TASK DETAILS:
The expected output is an exact copy of the lines from the one containing "Chapter 12, page 28" through the final line of the entries below, with no images.

Captioned web image data:
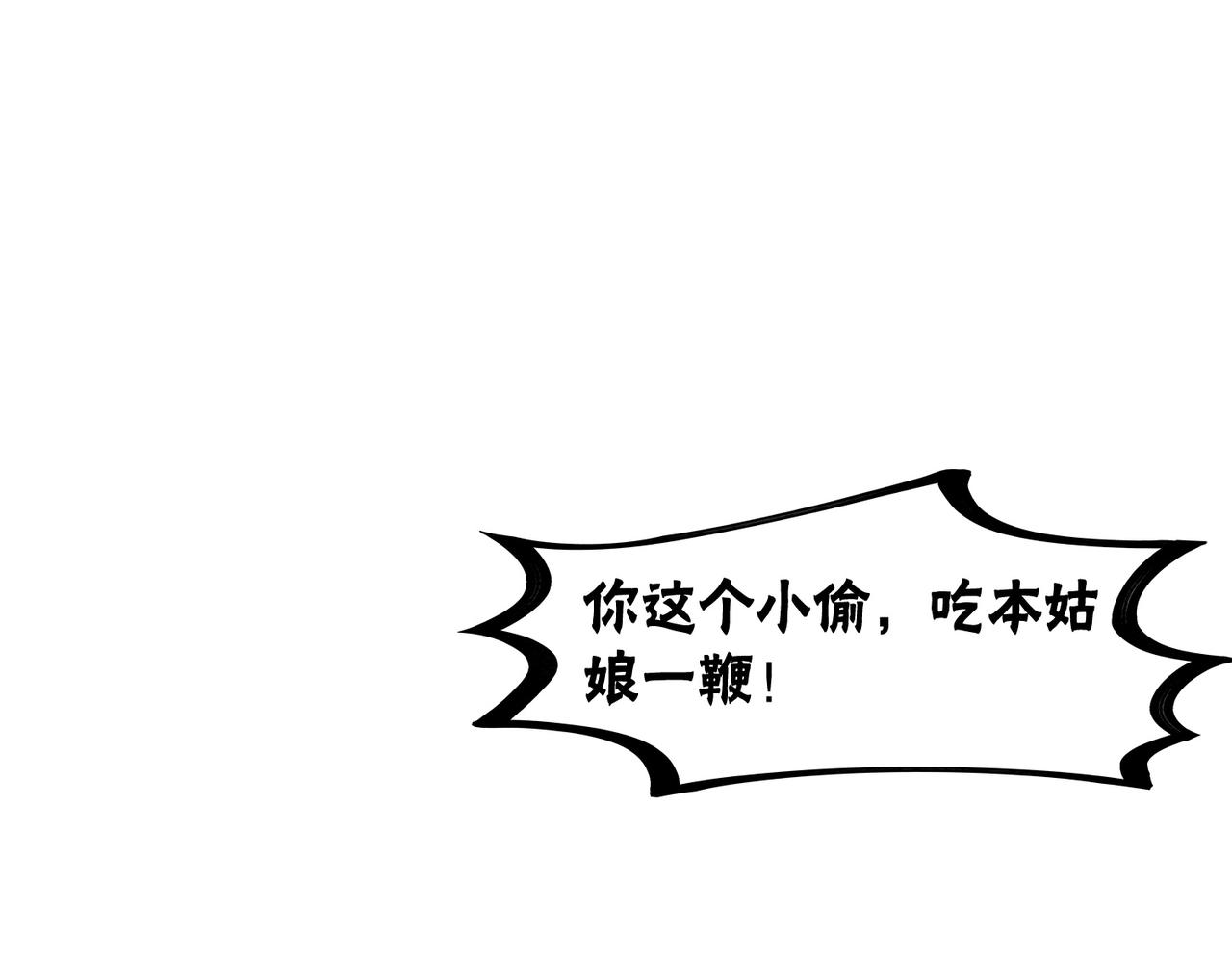 第41话 英雄救美4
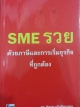 SME รวยด้วยภาษีและการเริ่มธุรกิจที่ถูกต้อง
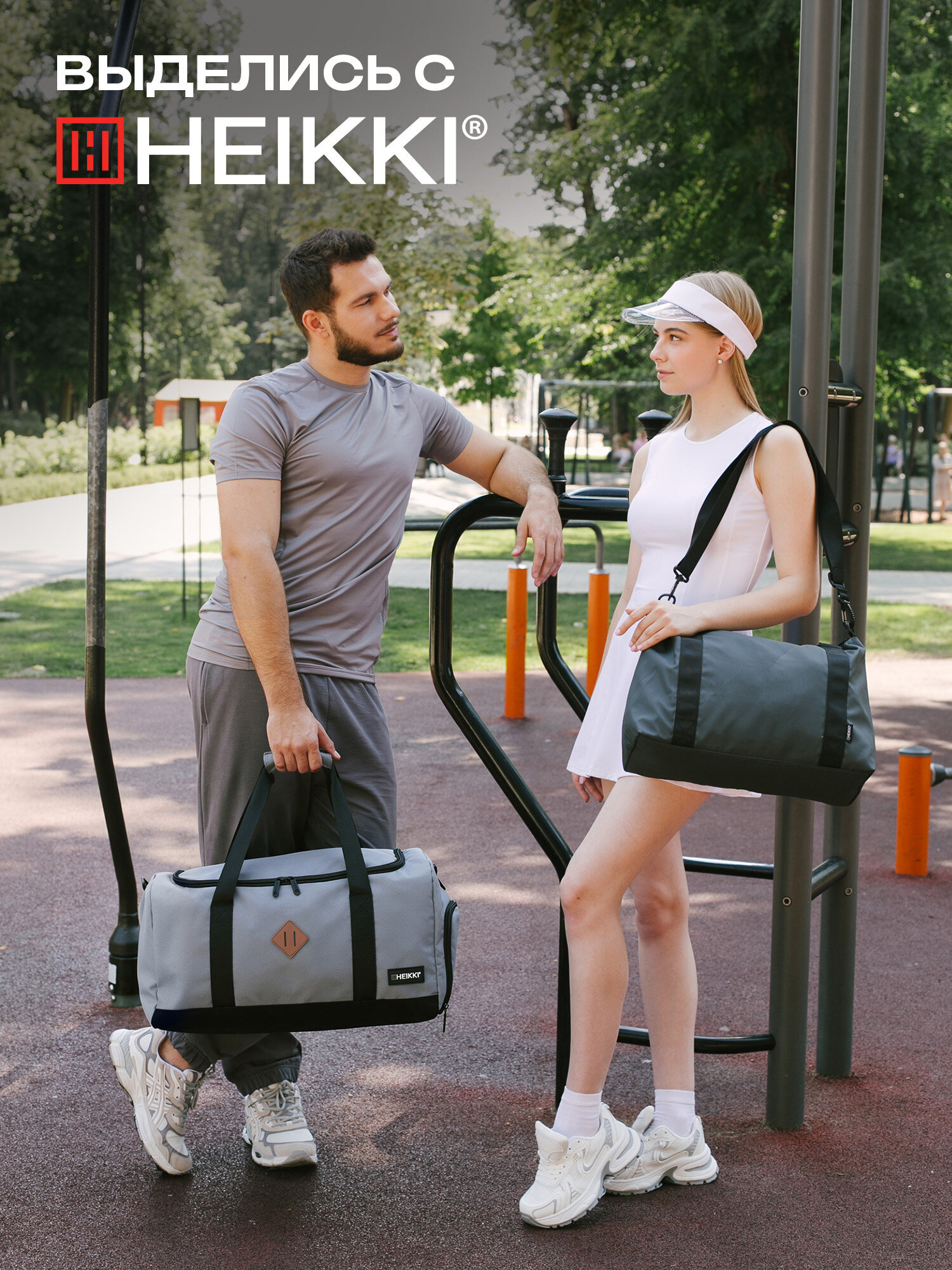 Спортивная сумка HEIKKI - фото 7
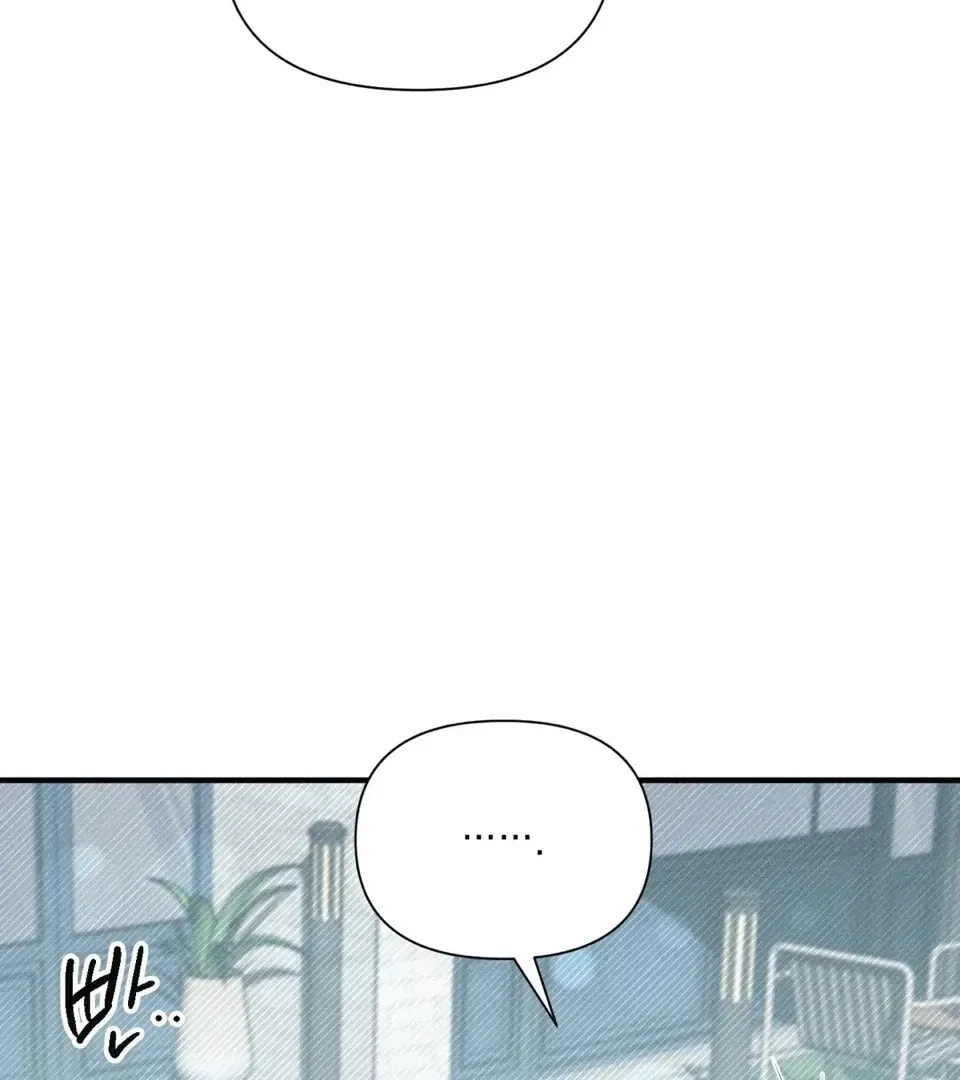 Chapter 12, page 28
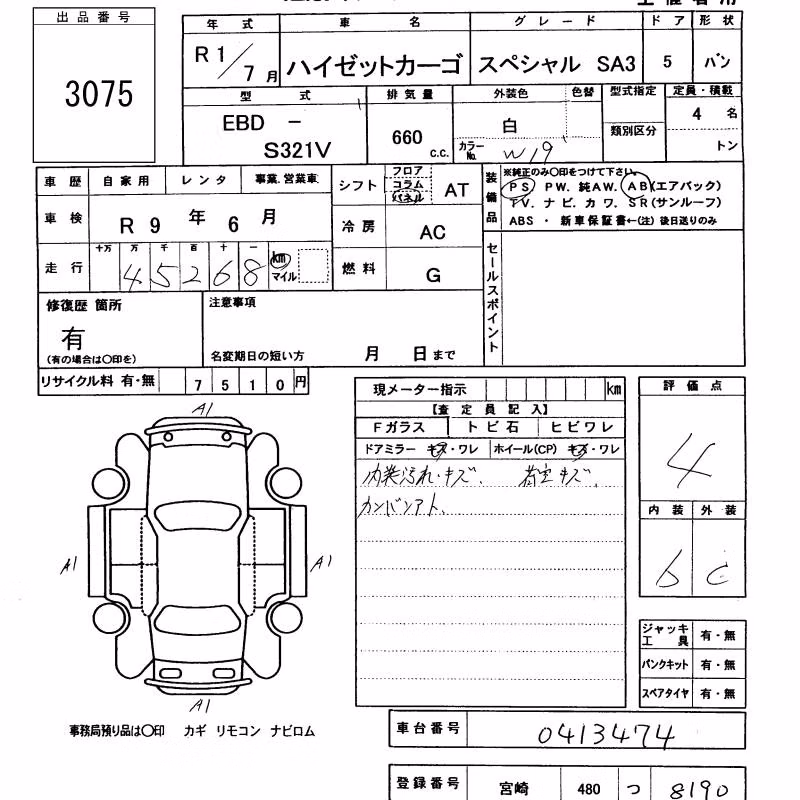 DAIHATSU HIJET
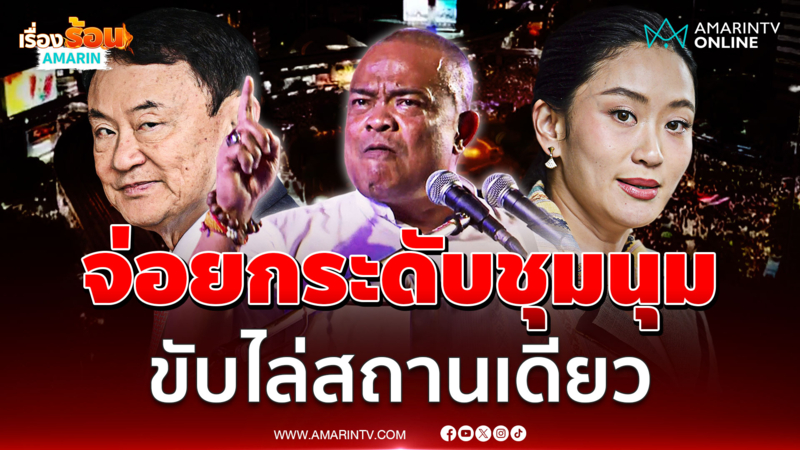 จตุพร ประกาศจ่อยกระดับชุมนุม ขับไล่สถานเดียว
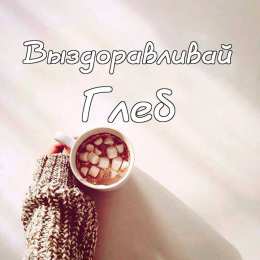 Открытки с именем Глеб Анимационные открытки с именем Глеб. Открытки с днём рождения Глеб.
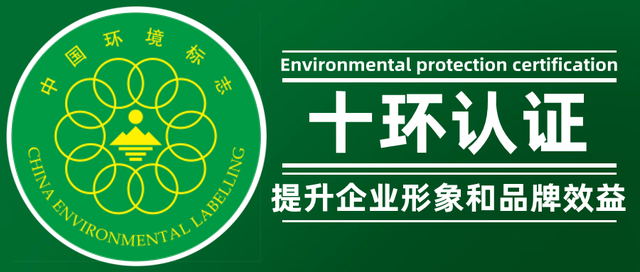 中国环境标志（十环）认证咨询..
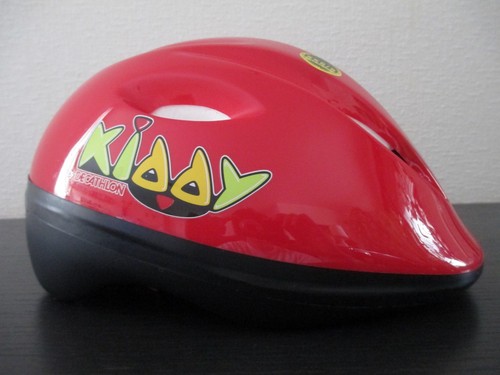 Casque vélo enfant kiddy - vélo,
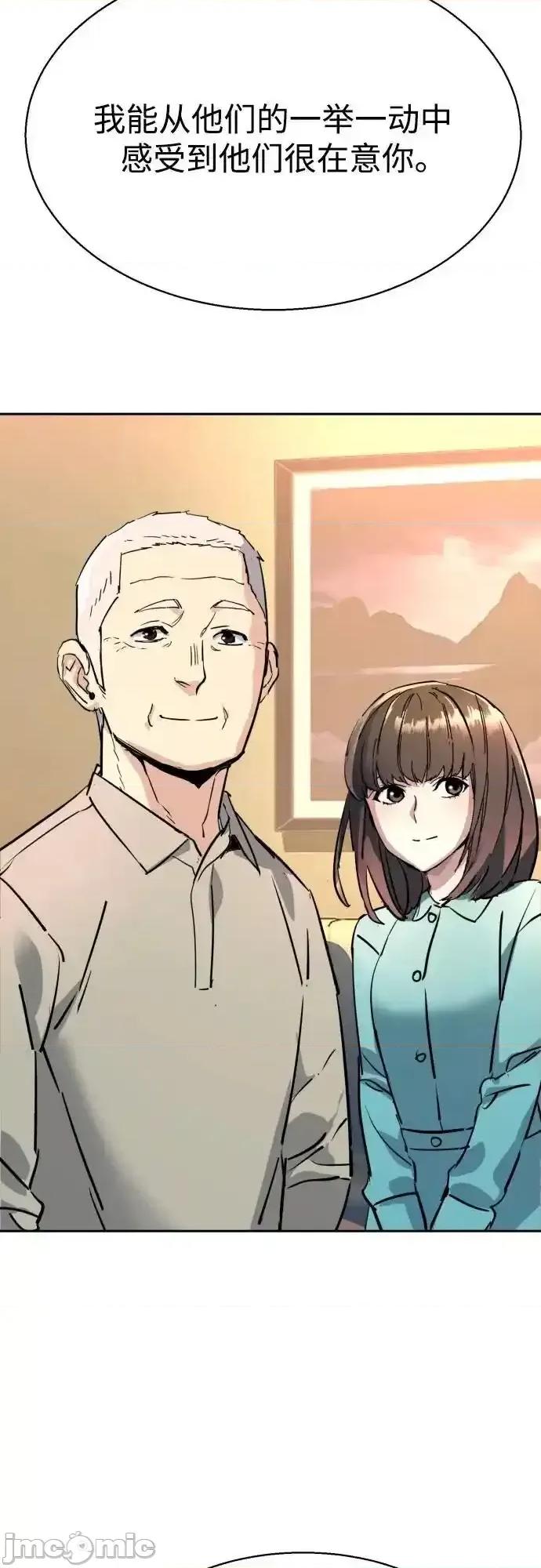 入学佣兵 少年佣兵_195 第61页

EXERCISE RESPONSE:
 Chapter 12, page 28
 DAIHATSU HIJET
 จตุพร ประกาศจ่อยกระดับชุมนุม ขับไล่สถานเดียว
 Открытки с именем Глеб Анимационные открытки с именем Глеб. Открытки с днём рождения Глеб.
 中国环境标志（十环）认证咨询..
 Casque vélo enfant kiddy - vélo,
 入学佣兵 少年佣兵_195 第61页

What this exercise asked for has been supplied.